Mordechai Krispijn, an activist for protest groups including Viruswaarheid and Heart for Freedom (Hart voor Vrijheid), said he hoped that the court ruling would alert voters to the freedoms slipping through their fingers. ‘It is appalling that the caretaker government has continued to rule and imposed a curfew,’ he told me. ‘Good, trusting people have been completely cheated by this government in the belief that the rules are correct, while 14,000 fines of €95 [£83] have been handed out when there is no legal basis for them. The collateral damage is so much larger than the damage they are trying to limit.’


But legal experts were unsurprised by the court ruling, this situation was already predicted in advice from the Council of State, which gives legal opinion on all potential Dutch laws as part of the parliamentary procedure. In February the body made clear that the government had used the wrong kind of law to bring in restrictions.

Matthew Rodgers, Netherlands analyst at The Economist Intelligence Unit, said that although far-right parties such as Geert Wilders’ PVV Party for Freedom will try to make political capital from the ruling, it is unlikely to shift very many voters.

‘The fallout on public opinion and political stability looks quite limited,’ he said. ‘Even though there’s quite a strident group in the Netherlands, perhaps larger than in other countries, that opposes the curfew and further lockdown restrictions, the lion’s share of the public still backs the government on fundamental lockdown restrictions in principle.

‘The vociferous hostility to the curfew that we’ve seen is also interlaced in the public imagination with scenes of violence that were universally repudiated across the political spectrum, including those on the right.
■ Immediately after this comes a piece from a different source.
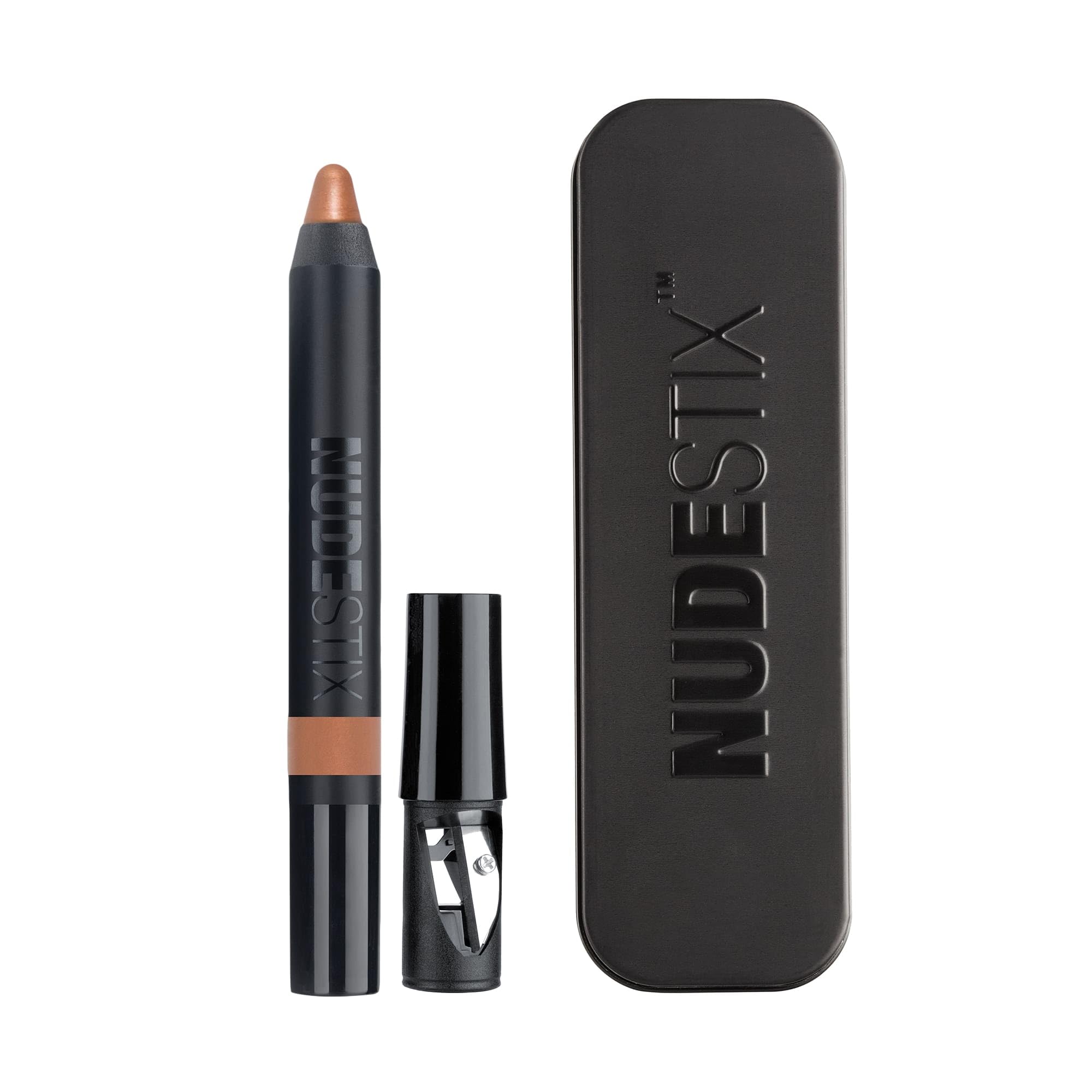 Nudestix Magnetic Luminous Eye Color Pencil, Eyeshadow + Eyeliner + Eyelid Primer + Highlighter Stick, Satin Finish Cream Makeup, Long Lasting, Waterproof, Shade: Rustique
While the far-right might be feeling vindicated by the [court] decision, political damage has been done by the images of looting after the curfew began.’

Rutte, meanwhile, called on Dutch citizens to respect the spirit of the curfew, as the latest coronavirus figures showed a slight rise in infections week-on-week. ‘The judge’s verdict this morning is, of course, a setback,’ he said in a press conference. ‘If the legal basis for the curfew is wrong right now… that does not mean it is not necessary. The curfew is a means to an end, not an end in itself. The goal is to keep the coronavirus under control as much as possible, so that soon we all get our freedoms back, in a safe way. That is why we implemented the curfew and that hasn’t changed.’

Tom van der Meer, professor of political science and co-director of the Dutch parliamentary election survey at the University of Amsterdam, said that time will tell whether the court case will affect Rutte’s position in the polls or faith in government. ‘The rally round the flag sentiment has evidently benefited Mark Rutte since March 2020, almost one year ago,’ he told me. ‘His party grew sharply in the polls; trust in his government rose to unprecedented heights.’

In this case, the verdict probably will not affect the image that the supporters of government already hold, of politicians who do their best in a time of crisis. The verdict is primarily about constitutionality, not about the policy itself, and the verdict is not yet final. Third, VVD-voters do not have very evident alternatives, even if they are somewhat dissatisfied.’

Meanwhile, as the Dutch government scrambles to try to overturn the surprise ruling, mainstream virologists are still fully behind the curfew. Aura Timen, head of the National Coordination Centre for Communicable Disease Control, told NOS that without it and a one-visitor-a-day rule, the Netherlands would be skating on thin ice. ‘From the perspective of combatting a virus and public health, the curfew together with rules about visitors are extremely important to suppress the R-value, especially in the light of the arrival and growth of the British variant in the Netherlands,’ she said. ‘Without them, the figures would be far worse.’